Produce an exact copy of all the data below, dropping every image.

### Records provided
↓↓↓
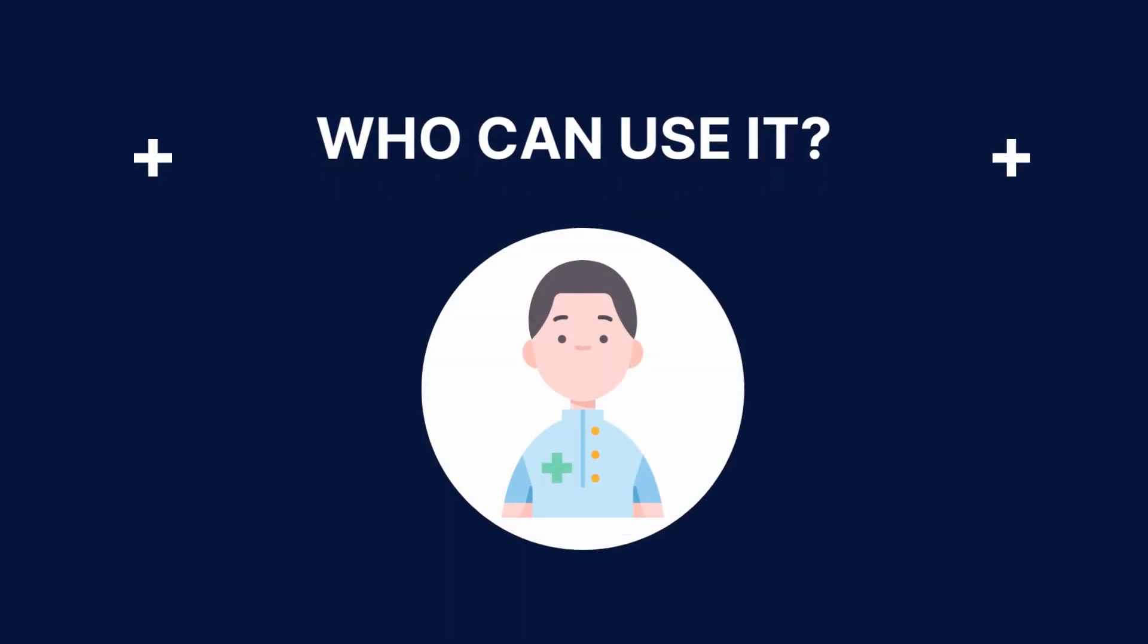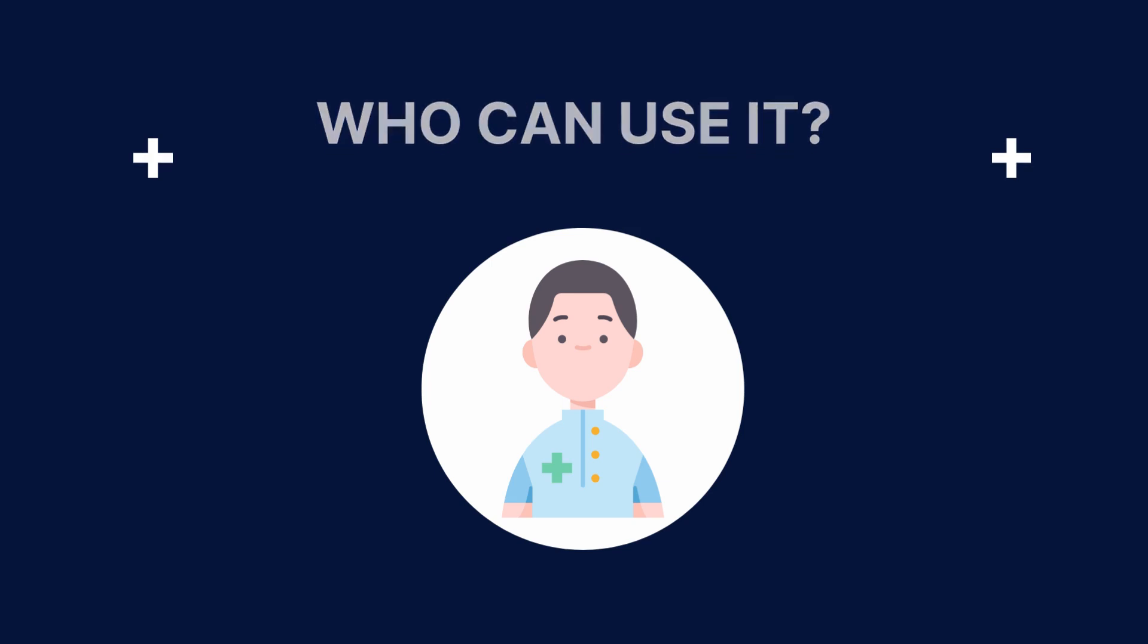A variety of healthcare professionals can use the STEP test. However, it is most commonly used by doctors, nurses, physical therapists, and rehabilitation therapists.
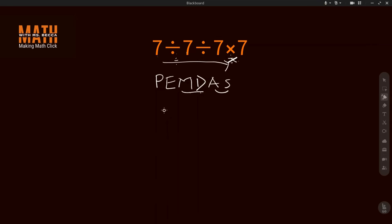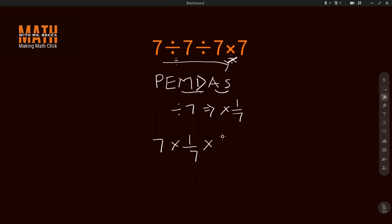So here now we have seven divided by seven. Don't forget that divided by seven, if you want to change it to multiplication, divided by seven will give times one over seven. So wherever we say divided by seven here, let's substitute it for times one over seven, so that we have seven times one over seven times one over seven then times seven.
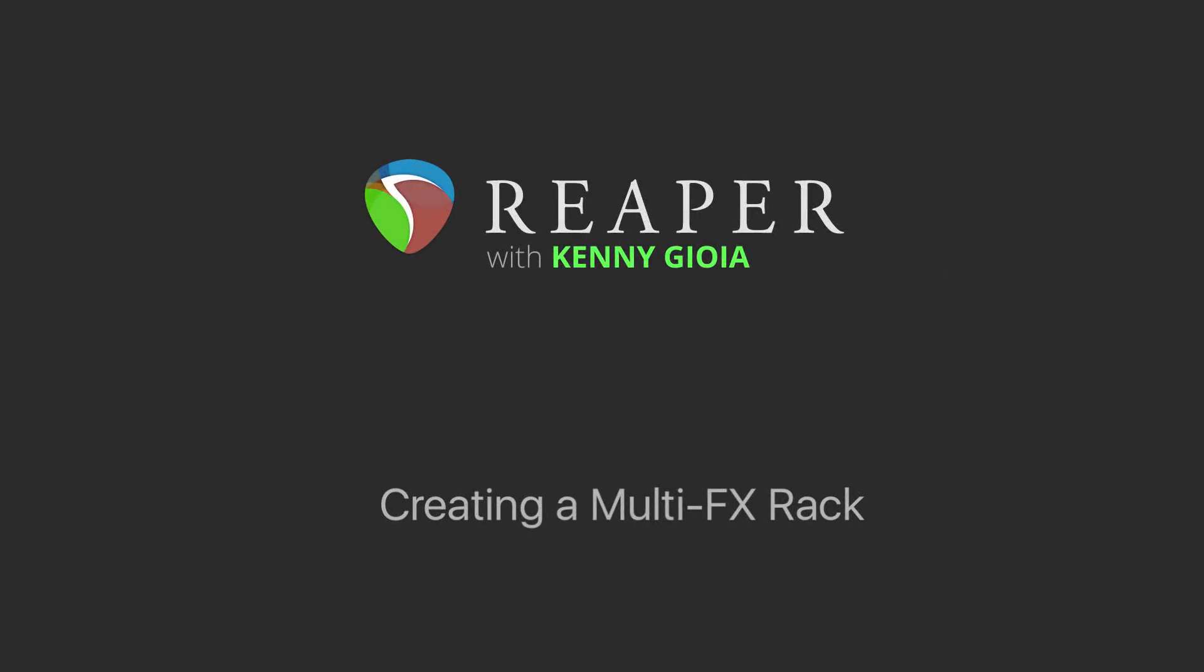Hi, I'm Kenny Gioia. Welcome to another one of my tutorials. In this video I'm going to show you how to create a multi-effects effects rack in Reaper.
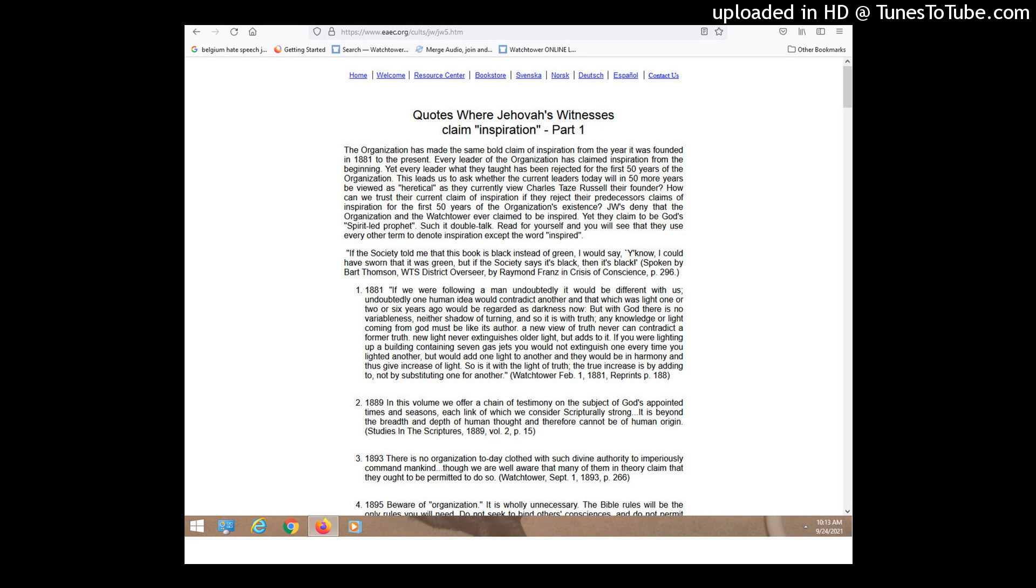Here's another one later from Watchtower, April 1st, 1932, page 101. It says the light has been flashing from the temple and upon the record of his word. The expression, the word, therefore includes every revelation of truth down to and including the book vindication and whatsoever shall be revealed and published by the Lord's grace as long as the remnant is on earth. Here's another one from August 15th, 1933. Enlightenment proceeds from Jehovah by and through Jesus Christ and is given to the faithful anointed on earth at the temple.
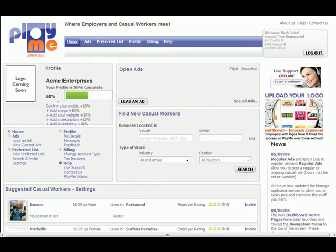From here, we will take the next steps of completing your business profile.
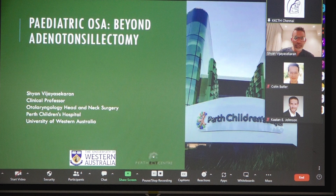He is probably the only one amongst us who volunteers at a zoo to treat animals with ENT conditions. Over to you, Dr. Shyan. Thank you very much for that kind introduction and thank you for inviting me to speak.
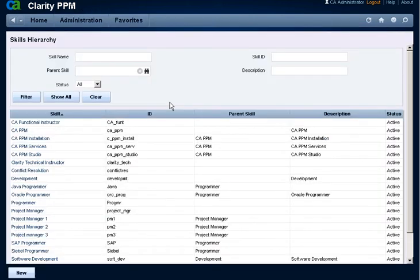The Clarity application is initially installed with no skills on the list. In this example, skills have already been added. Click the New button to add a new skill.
↑↑↑
### Result for this task
A variety of healthcare professionals can use the STEP test. However, it is most commonly used by doctors, nurses, physical therapists, and rehabilitation therapists.
So here now we have seven divided by seven. Don't forget that divided by seven, if you want to change it to multiplication, divided by seven will give times one over seven. So wherever we say divided by seven here, let's substitute it for times one over seven, so that we have seven times one over seven times one over seven then times seven.
Hi, I'm Kenny Gioia. Welcome to another one of my tutorials. In this video I'm going to show you how to create a multi-effects effects rack in Reaper.
Here's another one later from Watchtower, April 1st, 1932, page 101. It says the light has been flashing from the temple and upon the record of his word. The expression, the word, therefore includes every revelation of truth down to and including the book vindication and whatsoever shall be revealed and published by the Lord's grace as long as the remnant is on earth. Here's another one from August 15th, 1933. Enlightenment proceeds from Jehovah by and through Jesus Christ and is given to the faithful anointed on earth at the temple.
From here, we will take the next steps of completing your business profile.
He is probably the only one amongst us who volunteers at a zoo to treat animals with ENT conditions. Over to you, Dr. Shyan. Thank you very much for that kind introduction and thank you for inviting me to speak.
The Clarity application is initially installed with no skills on the list. In this example, skills have already been added. Click the New button to add a new skill.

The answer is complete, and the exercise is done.